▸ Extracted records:
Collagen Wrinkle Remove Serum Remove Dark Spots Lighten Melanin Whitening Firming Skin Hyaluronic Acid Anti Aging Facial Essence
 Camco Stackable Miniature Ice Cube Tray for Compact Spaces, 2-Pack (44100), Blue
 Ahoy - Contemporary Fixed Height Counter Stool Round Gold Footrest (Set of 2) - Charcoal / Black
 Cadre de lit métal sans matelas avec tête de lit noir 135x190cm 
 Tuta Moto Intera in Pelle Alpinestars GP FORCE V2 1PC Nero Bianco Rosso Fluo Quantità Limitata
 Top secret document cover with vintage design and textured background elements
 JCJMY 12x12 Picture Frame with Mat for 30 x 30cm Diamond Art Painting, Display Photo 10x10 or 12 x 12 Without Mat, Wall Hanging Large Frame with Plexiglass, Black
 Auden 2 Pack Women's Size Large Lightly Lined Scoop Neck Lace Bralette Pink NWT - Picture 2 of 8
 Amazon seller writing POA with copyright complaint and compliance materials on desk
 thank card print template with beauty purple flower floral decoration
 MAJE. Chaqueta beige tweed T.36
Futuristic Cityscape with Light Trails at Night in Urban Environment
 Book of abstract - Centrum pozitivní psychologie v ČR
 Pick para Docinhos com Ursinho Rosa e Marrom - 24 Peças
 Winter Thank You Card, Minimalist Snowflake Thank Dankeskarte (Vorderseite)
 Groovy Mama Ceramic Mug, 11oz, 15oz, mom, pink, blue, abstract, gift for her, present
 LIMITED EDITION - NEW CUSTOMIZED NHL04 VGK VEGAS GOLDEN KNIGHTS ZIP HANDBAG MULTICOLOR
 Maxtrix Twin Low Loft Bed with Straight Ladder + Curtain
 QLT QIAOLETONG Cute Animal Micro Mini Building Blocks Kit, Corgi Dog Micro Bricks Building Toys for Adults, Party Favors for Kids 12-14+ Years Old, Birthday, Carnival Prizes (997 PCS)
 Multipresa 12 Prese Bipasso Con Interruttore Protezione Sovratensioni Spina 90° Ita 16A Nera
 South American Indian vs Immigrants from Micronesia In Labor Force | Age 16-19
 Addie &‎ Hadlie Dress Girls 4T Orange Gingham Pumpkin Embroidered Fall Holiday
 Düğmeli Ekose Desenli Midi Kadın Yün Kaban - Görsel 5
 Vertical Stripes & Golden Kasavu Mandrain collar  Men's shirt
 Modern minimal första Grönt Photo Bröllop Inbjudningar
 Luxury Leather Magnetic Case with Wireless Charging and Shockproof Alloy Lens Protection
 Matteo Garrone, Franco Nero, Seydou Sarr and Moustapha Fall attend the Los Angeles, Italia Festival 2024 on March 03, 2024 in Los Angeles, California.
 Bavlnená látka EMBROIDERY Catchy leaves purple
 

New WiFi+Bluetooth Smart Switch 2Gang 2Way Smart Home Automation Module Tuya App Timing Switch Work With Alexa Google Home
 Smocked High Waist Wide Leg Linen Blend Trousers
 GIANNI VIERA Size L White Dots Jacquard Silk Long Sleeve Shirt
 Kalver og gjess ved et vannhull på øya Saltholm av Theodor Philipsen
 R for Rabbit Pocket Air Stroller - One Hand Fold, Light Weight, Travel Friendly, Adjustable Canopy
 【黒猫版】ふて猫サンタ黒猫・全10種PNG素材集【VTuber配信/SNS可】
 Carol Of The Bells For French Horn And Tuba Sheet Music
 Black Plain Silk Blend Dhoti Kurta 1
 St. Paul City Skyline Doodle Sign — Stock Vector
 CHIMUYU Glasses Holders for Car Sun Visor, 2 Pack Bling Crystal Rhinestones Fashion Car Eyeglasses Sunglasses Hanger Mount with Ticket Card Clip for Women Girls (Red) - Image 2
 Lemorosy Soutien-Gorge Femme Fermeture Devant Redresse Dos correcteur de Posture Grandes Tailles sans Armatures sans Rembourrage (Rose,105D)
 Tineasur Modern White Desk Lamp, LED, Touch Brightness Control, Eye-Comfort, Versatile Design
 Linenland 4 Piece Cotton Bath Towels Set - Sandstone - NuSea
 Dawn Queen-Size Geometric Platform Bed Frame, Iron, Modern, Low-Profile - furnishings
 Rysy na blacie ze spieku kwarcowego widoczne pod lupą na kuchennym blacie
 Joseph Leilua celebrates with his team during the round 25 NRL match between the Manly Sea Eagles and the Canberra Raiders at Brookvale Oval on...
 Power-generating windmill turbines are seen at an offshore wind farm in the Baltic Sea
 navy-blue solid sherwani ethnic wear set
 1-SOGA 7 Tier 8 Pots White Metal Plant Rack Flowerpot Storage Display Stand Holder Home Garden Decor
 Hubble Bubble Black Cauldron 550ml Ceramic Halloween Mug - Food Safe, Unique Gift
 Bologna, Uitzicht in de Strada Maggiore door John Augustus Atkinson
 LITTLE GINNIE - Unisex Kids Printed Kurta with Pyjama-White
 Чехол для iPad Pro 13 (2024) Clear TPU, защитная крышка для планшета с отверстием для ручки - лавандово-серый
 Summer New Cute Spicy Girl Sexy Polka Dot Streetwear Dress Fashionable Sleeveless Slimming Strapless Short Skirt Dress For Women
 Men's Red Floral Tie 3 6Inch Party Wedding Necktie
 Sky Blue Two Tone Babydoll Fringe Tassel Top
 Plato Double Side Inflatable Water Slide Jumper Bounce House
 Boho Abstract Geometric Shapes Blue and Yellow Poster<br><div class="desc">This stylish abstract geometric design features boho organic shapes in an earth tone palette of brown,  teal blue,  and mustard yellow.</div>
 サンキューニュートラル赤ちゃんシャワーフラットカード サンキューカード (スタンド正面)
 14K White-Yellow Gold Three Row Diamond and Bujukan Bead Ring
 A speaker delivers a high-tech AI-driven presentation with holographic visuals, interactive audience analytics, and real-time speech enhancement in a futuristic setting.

▸ REQUIREMENT: An exact copy of the lines above, from the one containing "Tuta Moto Intera" down to the one containing "Multipresa 12 Prese" and including both, is the whole answer; retype it and nothing else.

▸ TASK ANSWER:
 Tuta Moto Intera in Pelle Alpinestars GP FORCE V2 1PC Nero Bianco Rosso Fluo Quantità Limitata
 Top secret document cover with vintage design and textured background elements
 JCJMY 12x12 Picture Frame with Mat for 30 x 30cm Diamond Art Painting, Display Photo 10x10 or 12 x 12 Without Mat, Wall Hanging Large Frame with Plexiglass, Black
 Auden 2 Pack Women's Size Large Lightly Lined Scoop Neck Lace Bralette Pink NWT - Picture 2 of 8
 Amazon seller writing POA with copyright complaint and compliance materials on desk
 thank card print template with beauty purple flower floral decoration
 MAJE. Chaqueta beige tweed T.36
Futuristic Cityscape with Light Trails at Night in Urban Environment
 Book of abstract - Centrum pozitivní psychologie v ČR
 Pick para Docinhos com Ursinho Rosa e Marrom - 24 Peças
 Winter Thank You Card, Minimalist Snowflake Thank Dankeskarte (Vorderseite)
 Groovy Mama Ceramic Mug, 11oz, 15oz, mom, pink, blue, abstract, gift for her, present
 LIMITED EDITION - NEW CUSTOMIZED NHL04 VGK VEGAS GOLDEN KNIGHTS ZIP HANDBAG MULTICOLOR
 Maxtrix Twin Low Loft Bed with Straight Ladder + Curtain
 QLT QIAOLETONG Cute Animal Micro Mini Building Blocks Kit, Corgi Dog Micro Bricks Building Toys for Adults, Party Favors for Kids 12-14+ Years Old, Birthday, Carnival Prizes (997 PCS)
 Multipresa 12 Prese Bipasso Con Interruttore Protezione Sovratensioni Spina 90° Ita 16A Nera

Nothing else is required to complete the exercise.